Purpose: Gastrointestinal stromal tumor (GIST) resistance to imatinib and other tyrosine kinase inhibitors poses an ongoing clinical challenge. We investigated molecularly matched combination therapies for treatment-refractory GIST, including drugs not previously combined in human studies.

Methods: Patients of all ages with unresectable and/or metastatic GIST treated with combination therapies were included (February 13, 2015-December 31, 2022). These patients were discussed at molecular tumor board and enrolled in the prospective Investigation of Profile-Related Evidence Determining Individualized Cancer Therapy (I-PREDICT) study (ClinicalTrials.gov identifier: NCT02534675). Patient demographics, tumor next-generation sequencing (NGS), treatment responses, and survival outcomes were retrospectively analyzed.

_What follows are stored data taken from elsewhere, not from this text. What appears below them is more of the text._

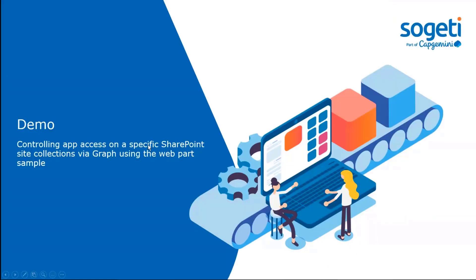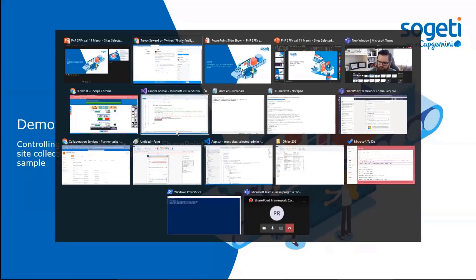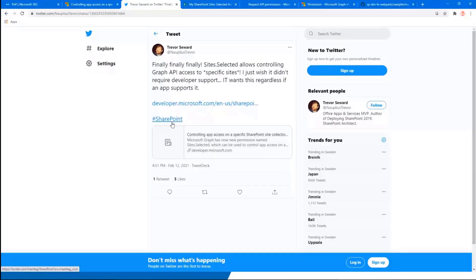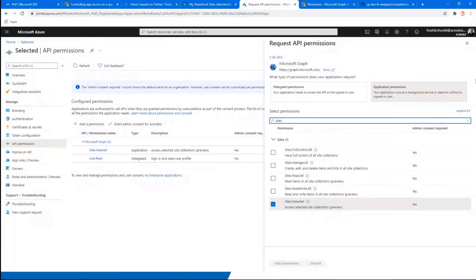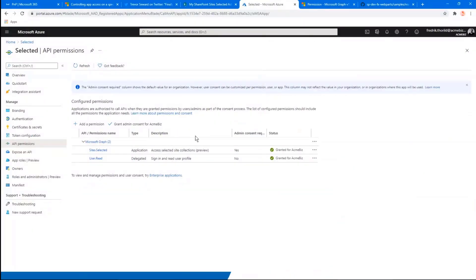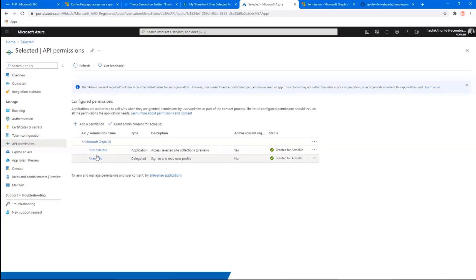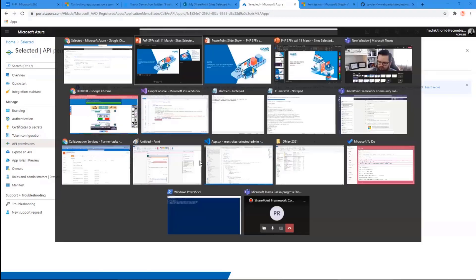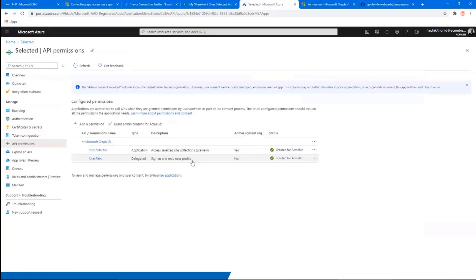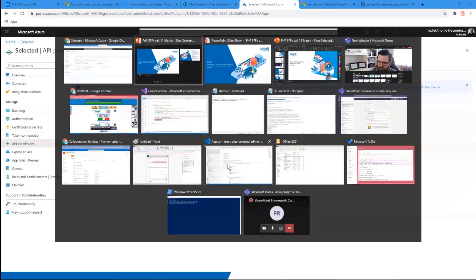So with that said, let me do some demo. So I'm going to open up my browser again. And we can go over here to the Azure AD. I do have an app registration, which is called selected for this purpose. You can see that I have added on the site selected API permission thing here. I should also say it is in preview.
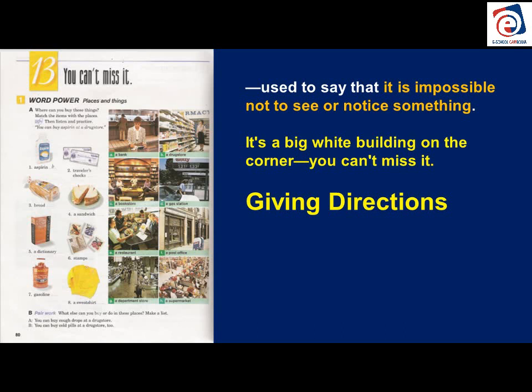Let's look at the pictures. We have: a bank, a drugstore, a bookstore, a gas station, a restaurant, a post office, a department store, a supermarket. Notice all of them use the article 'a.' A bank — be sure to say the K. A drugstore — say the G. A drugstore is also called a pharmacy, or in England and Australia, a chemist. A bookstore — say the K. A gas station — say the S. Gas station has two S's together. T-I-O-N is pronounced 'shun' — station. Restaurant — we say 'restaurant.'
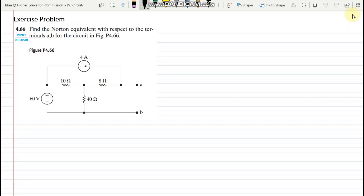Welcome back students. This is another exercise problem, which is 4.66, and in this problem we have to find out the Norton's equivalent of this circuit with respect to the terminals A and B.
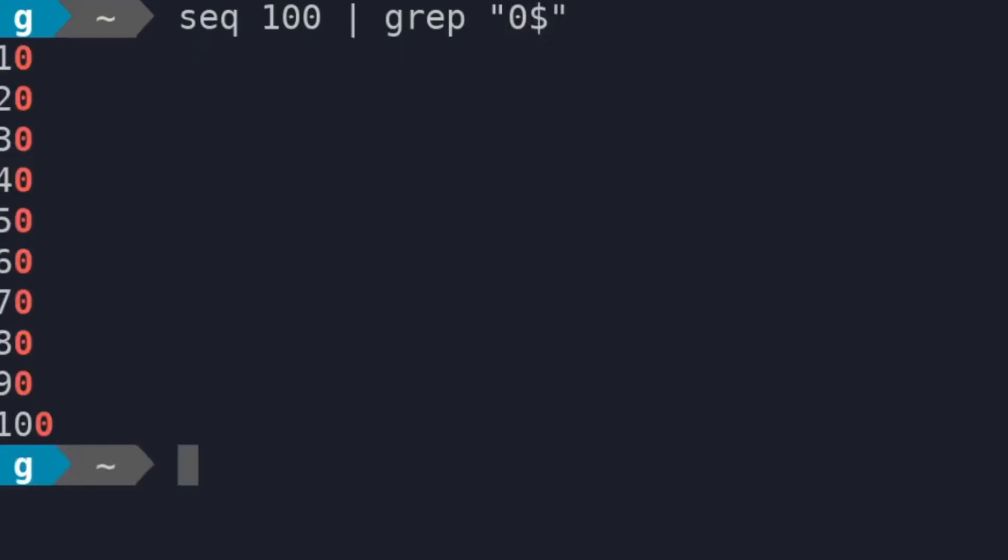So how does this work exactly? Well, the answer is there are three distinct file descriptors called standard in, standard out, and standard error. Today, we're only going to cover standard in and standard out for simplicity.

Results: Six (1.6%) patients met the inclusion criteria. The median age at diagnosis was 59.5 years with the majority (4/6) of patients being male. NGS revealed median of six deleterious genomic alterations per patient excluding variants of unknown significance. Five (5/6) patients had KIT-mutant GIST, and one patient had BRAF^V600E-mutant GIST. Two thirds of tumors had CDKN2A/B loss. Patients received median of 1 (range, 1-3) customized combination therapy consisting of median of 2 (range, 2-3) drugs targeting median of 2 (range, 2-4) genomic alterations. One patient experienced a treatment-related grade ≥3 adverse event (hypertension). For all patients, the best response by RECIST v1.1 was stable disease (SD). Combination therapies led to SD ≥6 months (range, 6.2-11.3 months) in four (4/6) patients compared with none in the immediate previous single-agent targeted therapies (SD range, 1.5-5.4 months). Most (5/6) patients had at least 60% prolongation of their progression-free survival compared with their immediate previous single-agent targeted therapy.

Conclusion: Our results demonstrate that a multitargeted, biomarker-matched combination approach can be safely administered to obtain disease control. Tailored combination therapies for advanced GIST with multiple genomic alterations warrant further investigation.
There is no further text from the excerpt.